Et de craindre le pire en termes de suspicion: "C’est lourd et très connoté, car dès qu'on prélève, tout le monde devient encore suspect. Bonjour l'ambiance dans le village et bonjour le tintamarre médiatique derrière. Après 'la famille est coupable', 'le village est coupable', je trouve qu'en opportunité, c'est doublement contre-indiqué".

Les habitants prêts à donner leur ADN

De leur côté, les habitants se disent prêts à collaborer rapidement s’il le faut. Pour enfin savoir. "Au village, tout le monde attend. On se demande pourquoi l'enquête ne bouge pas plus vite. Pour ma part, j'attends le résultat, mais j'ai un peu peur de la réponse. Elle sera peut-être dure à accepter", craint Gilles, un villageois qui ne rate rien des derniers rebondissements de l’affaire.

"C'est normal qu'on demande l'ADN aux gens du village. Je ne vois pas pourquoi ça devrait déranger quelqu'un. Du moment qu’on n’a rien à se reprocher, pourquoi refuser? À mes yeux, ça aurait déjà dû être fait", conclut l’habitant.

Un voisin qui souhaite rester anonyme ne dit pas autre chose. "S'ils veulent mon ADN, ce n'est pas un problème. Je comprends qu'il y ait des gens qui refusent, c'est leur avis. Moi, je n'ai rien à voir avec tout ça", soupire le villageois, qui estime que les habitudes au Vernet n’ont pas changé.

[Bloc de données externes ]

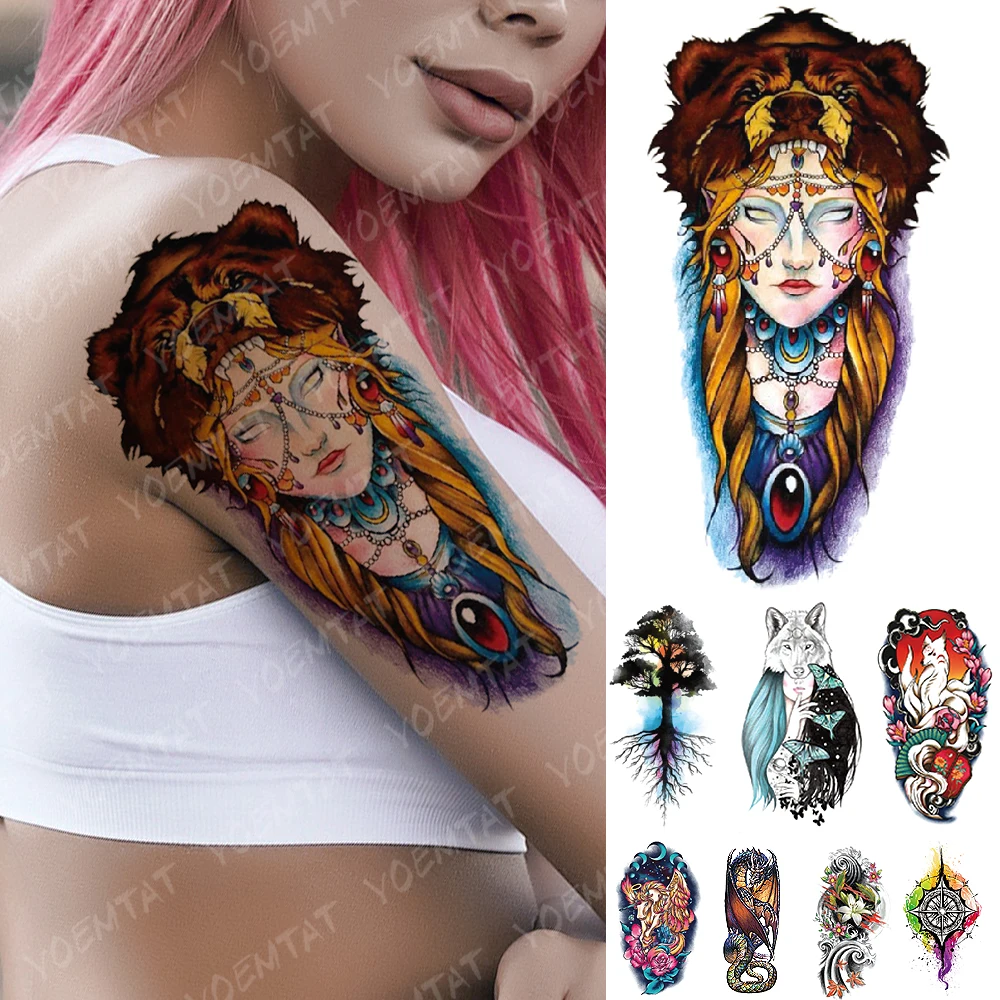 Tatouage Rose Eternelle La Belle Et La Bete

"Ici, on en voit beaucoup, des petits gamins, qui se baladent tout seul. Avec des petits vélos sans pédale. On en voit passer et il n'y a personne avec eux. On se demande comme ça se fait et on nous répond 'c'est le village; ici, ça ne craint pas'".

"Pourquoi refuser?"

Ce village, Christian le connaît bien puisqu’il fait partie de l’une des plus vieilles familles de la vallée. "Si les enquêteurs décident de mener des recherches parmi les villageois, bien évidemment, il faudra donner notre ADN. Il faut qu'elle sorte, cette histoire. Au plus vite ça va sortir, au mieux ce sera pour nous, au village, et pour la famille".

Tous les villageois pensent-ils comme lui? Christian n’en sait rien. Mais il prévient: "les gens qui vont s'opposer à ce qu'on prenne leur ADN s'engagent dans une mauvaise pente. Pourquoi refuser? C'est sûr, on sera fichés pour d'autres affaires aussi." 

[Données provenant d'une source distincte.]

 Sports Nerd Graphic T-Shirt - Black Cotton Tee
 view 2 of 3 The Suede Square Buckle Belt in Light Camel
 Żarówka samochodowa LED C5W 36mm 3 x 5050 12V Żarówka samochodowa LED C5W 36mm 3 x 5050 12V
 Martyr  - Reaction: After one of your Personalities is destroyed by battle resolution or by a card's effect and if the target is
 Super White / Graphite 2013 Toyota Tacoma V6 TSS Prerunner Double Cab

Pour lui, l’ambiance entre les habitants ne s’est pas vraiment dégradée. "Beaucoup de gens disent qu'il y a des suspicions au sein du village, je ne suis pas d'accord. Il n'y a pas une soirée pendant laquelle on n'en parle pas, c'est vrai. Mais on se pose des questions sur ce qu'il a pu se passer. On ne se pose pas de questions sur untel, untel... C'est peut-être pour ça qu'il y a toujours une bonne ambiance" conclut Christian.

Lui, comme tous les habitants croisés cette semaine au Vernet, sont en tout cas prêts à collaborer rapidement avec la justice si cela pouvait enfin permettre aux enquêteurs de percer un mystère qui n’a que trop duré.